But here’s the unfortunate truth: The funding is nonexistent. And because of this, everyone suffers.

 

  • The job seekers suffer as they work for next-to-nothing.
  • The NGOs and non-profits suffer since funds barely cover pay for the help they need.
  • BIPOC and those in low socioeconomic levels suffer, and then the conservation industry suffers from lack of diversity.
  • And worst of all, wildlife conservation efforts suffer the most.

It’s a broken system, and it’s freaking time we fixed it. 

Yes, fieldwork is amazing and takes you to incredible places. But it’s also consistently underpaid. I have a Master’s degree and I have worked “jobs” that paid $4/hour.

What’s the solution? Does one even exist?

 

Let’s think critically — Who is not suffering in this system? Who has the money? And how can we redirect more of it to conservation?

 

As usual, large corporations and a few individuals hold the wealth — and therefore, the majority of the power.

 

But there are individuals with a strong commitment to our planet. Perhaps they are baby boomers who spend their time as backyard bird watchers, but want to do more to help nature. Maybe they donate to the World Wildlife Fund or The Nature Conservancy but it still doesn’t seem like enough.

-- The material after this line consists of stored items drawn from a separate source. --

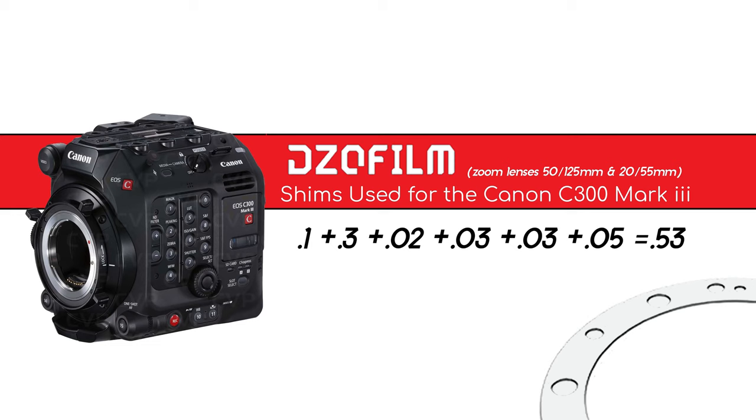If you have the DZO Film lenses and a Canon C300 Mark III and want the quick answer to how many shims to add, the answer is six shims that add up to 0.53. I'll put a still on the screen with the combination I use. If you want to know more, I'll walk you through the steps.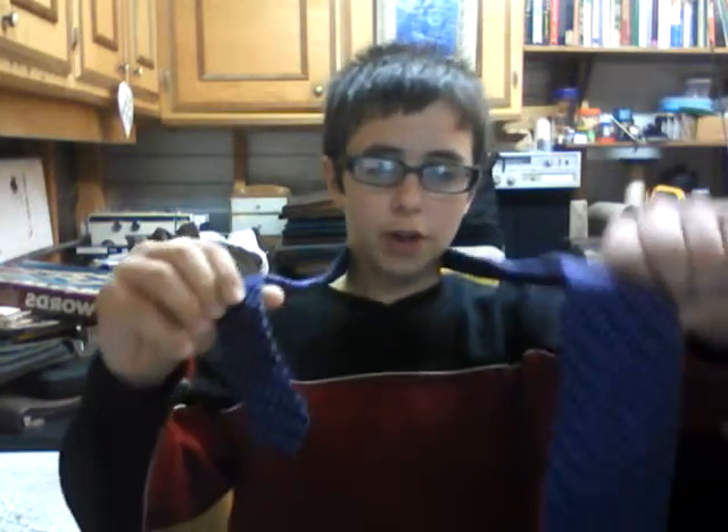I will show you one more time how to do it, and then if you still didn't get it, just post a comment or watch the video again. Okay, remember — this is the back side, here's the difference, see the little lines? Here's the front side. The front side has to be in the front. I'll take it about this width.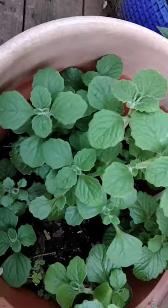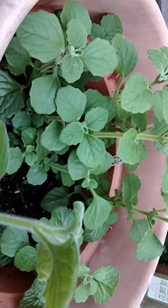I've given these cuttings to many people actually. So enjoy, happy gardening!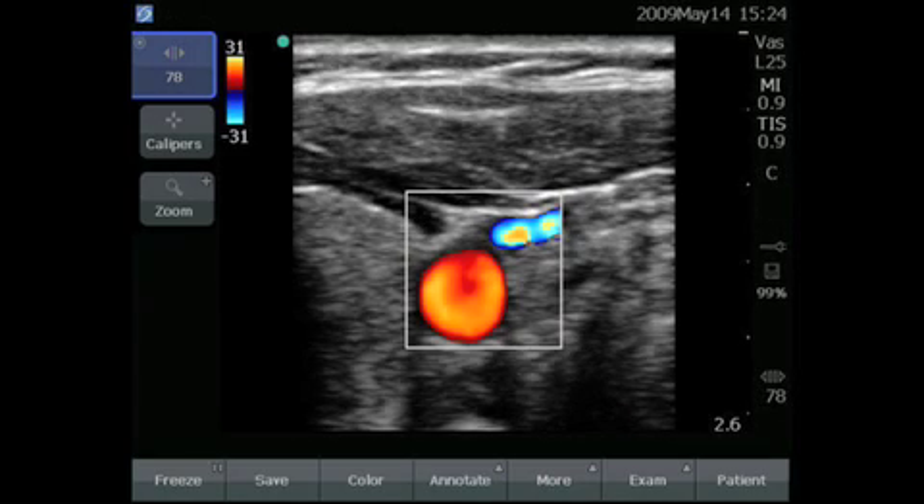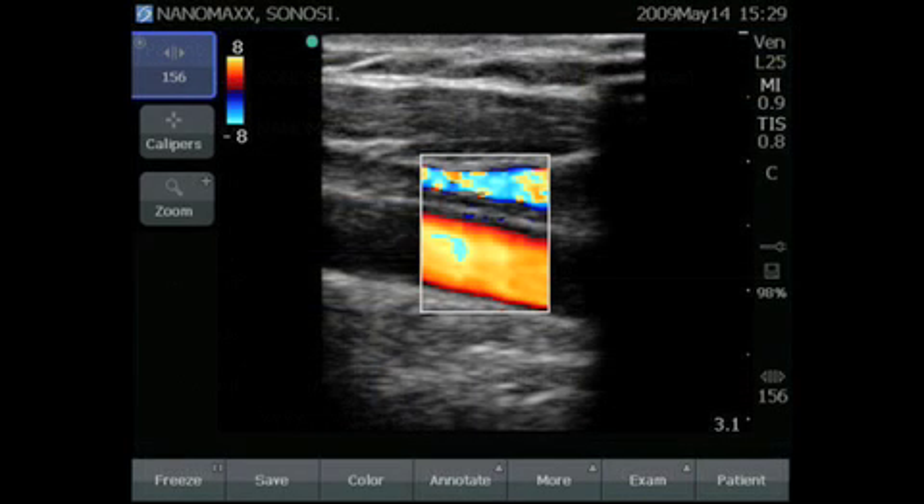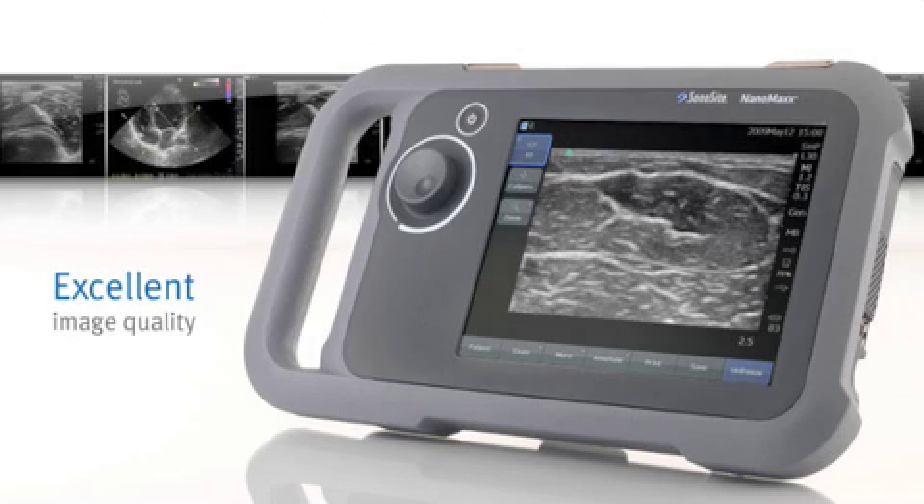These can be used to control items such as color, data entry, menu selections, and manage measurement tools. And just turn on the color flow to easily identify vascular structures. The images produced by the NanoMax are very impressive — it's remarkable that we get this quality from a product of this size.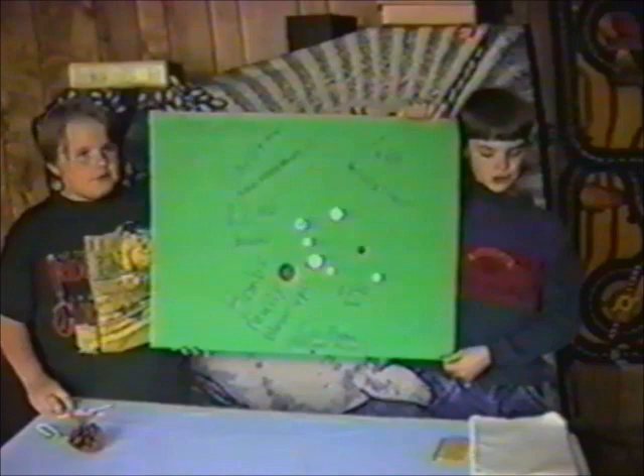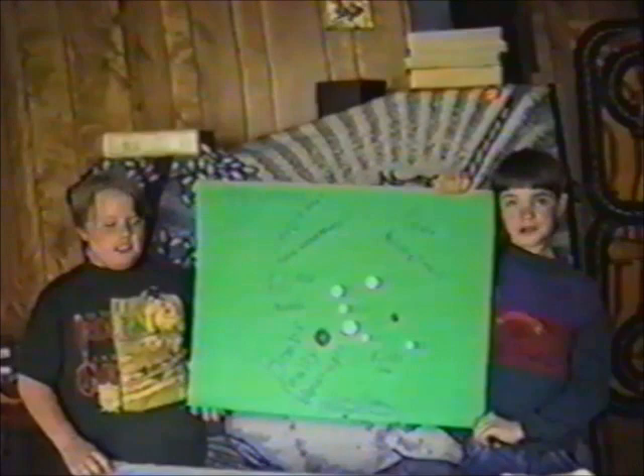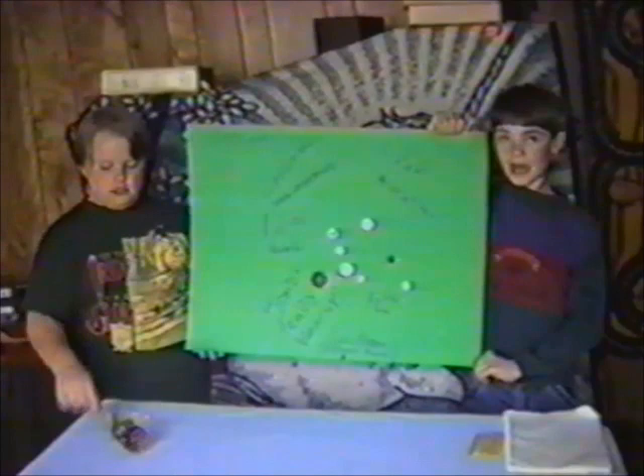Hi, my name is Gregory Sawyer and this is my friend George Hall IV. We are shooting a commercial for Different Things Incorporated. Today, we will be studying how to make a Christmas ornament and a ball.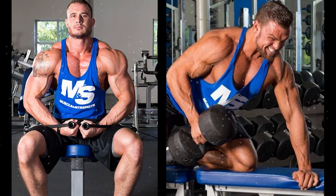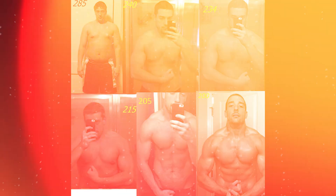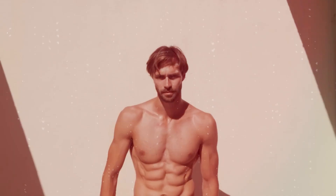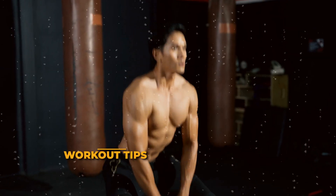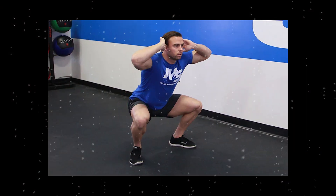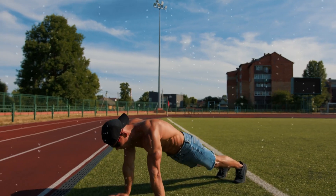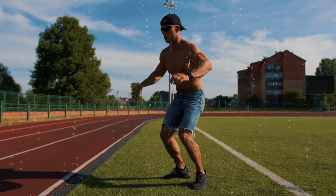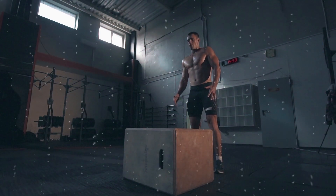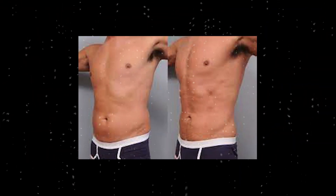The shred phase. All right, warriors, the first phase of our no-nonsense routine is all about shredding that excess fat and igniting your metabolism. We're diving into high-intensity interval training, or as we like to call it, the fat-burning furnace. Workout tips: Jump squats — explode off the ground with each jump, engaging your quads and glutes. Burpees — the ultimate full-body exercise: drop into a plank, perform a push-up, and explode into a jump. Mountain climbers — keep that heart rate up with this killer core exercise. Focus on explosive movements and keep that intensity high. Let's torch that fat.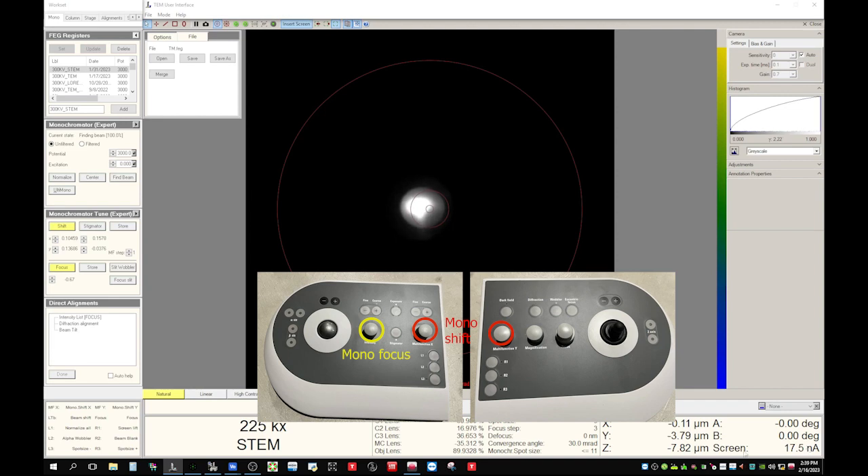For aligning the probe corrector, we want the screen current to be about 150 pico amps. Now let's change the intensity clockwise — the screen current drops down and the focus number increases. Keep doing that. Now we get 151, so that's good. We don't have to be exactly at 150. Now I'll turn off the shift and focus.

Instead of just taking photos, Nova Conservation offers trips where you can actually give back to protecting these creatures.

 

Or consider a young couple: They both have desk (aka Zoom) jobs, but are eager and passionate about protecting the outdoors. They are adventurous, yet want to put their funds toward ethical companies, not tourist-y shenanigans.

Vacations are all well and good until you realize climate change is destroying our planet. But Nova Conservation has ways to give back while you travel.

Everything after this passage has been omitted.